Conversion Issues and Tools

John Knight's paper presented a useful case study of the need for file conversion.

Electronic Publishing over the World Wide Web

Jon Knight

Publishers typically hold documents in an electronic format at some point prior to the production of paper based journals and books. Often this is in the form of author supplied electronic documents. These can be in any number of formats, usually dictated by what the publisher is prepared to handle. Some publishers accept files from some of the "heavyweight" professional word processing systems such as Microsoft Word or WordPerfect. Others, typically in the more scientific and technical fields, prefer the TeX and/or LaTeX typesetting language. PostScript files are also sometimes taken, although these are usually only used for review purposes with the data being re-entered when a document is accepted for publication. A very few publishers accept SGML directly from authors, probably due to the relative lack of widely deployed SGML authoring tools.

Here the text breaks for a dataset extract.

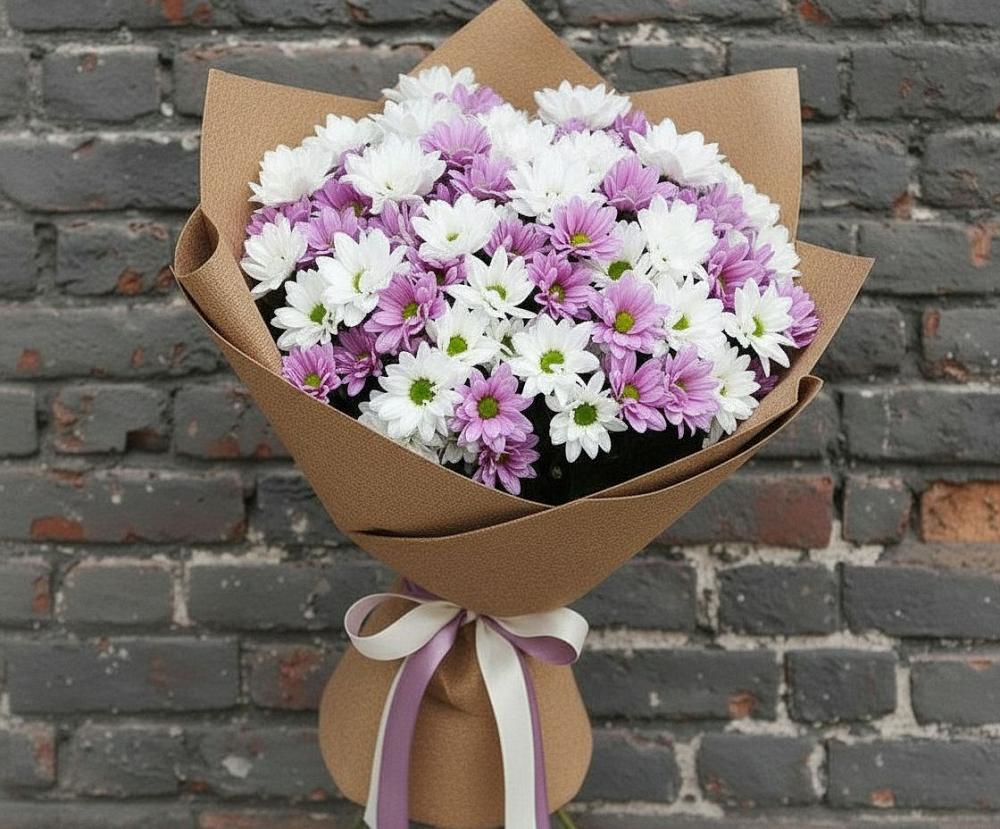 Букет цветов из: Хризантемы в хуторе Ленина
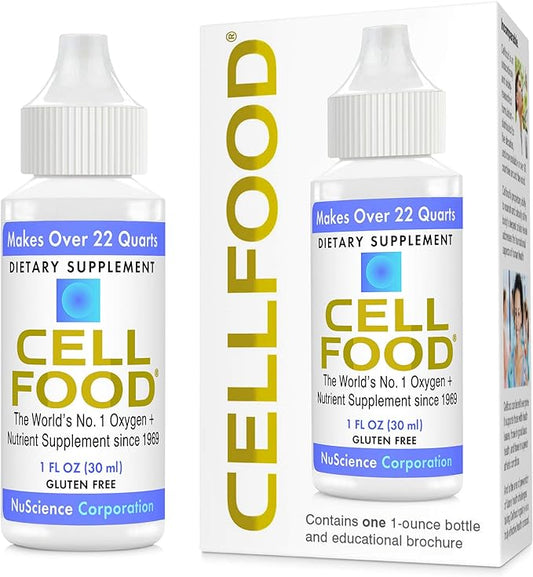 Cellfood Oxygen Boost, 1 fl oz - Liquid Oxygen Supplement for Lymphatic Drainage, Altitude Sickness, Jet Lag, Fatigue, Headaches, Hangovers - Gluten Free, Cert. Kosher - Makes Over 22 Quarts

If the publisher wishes to make his documents available via the World Wide Web, it is to his advantage to make use of one of the widely deployed document formats so that the widest user base possible will be able to access his information with their existing tools. The three most common document formats in the Web are plain ASCII text, HTML marked up documents and PostScript files. Each has advantages and disadvantages:

ASCII text is the easiest to create for simple documents and can be viewed by all currently deployed browsers. It is also is very space efficient but it can not convey graphical or typographical information, nor allow hyperdocuments to be linked out from it (it can of course be linked to),
HTML allows documents to be linked together using hyperlinks which allows the readers to explore the structure of documents in a new and powerful way. It also allows citations and related objects (such as video or audio clips) to be linked to existing documents, and makes the incorporation of graphics relatively easy. However, it gives much of the presentation control to the user, which until now has been the preserve of the publisher. It also has limited presentation oriented tags, and no support for tables or mathematics (although that is coming soon with HTML 2.0),
PostScript allows text, mathematics, tables and figures to be presented in exactly the same format as the printed page. However it is display oriented and is thus more difficult that the other two formats to index and search. PostScript files are also larger, cannot be previewed on some systems and, like plain ASCII, can only used as leaf nodes in a hyperdocument structure.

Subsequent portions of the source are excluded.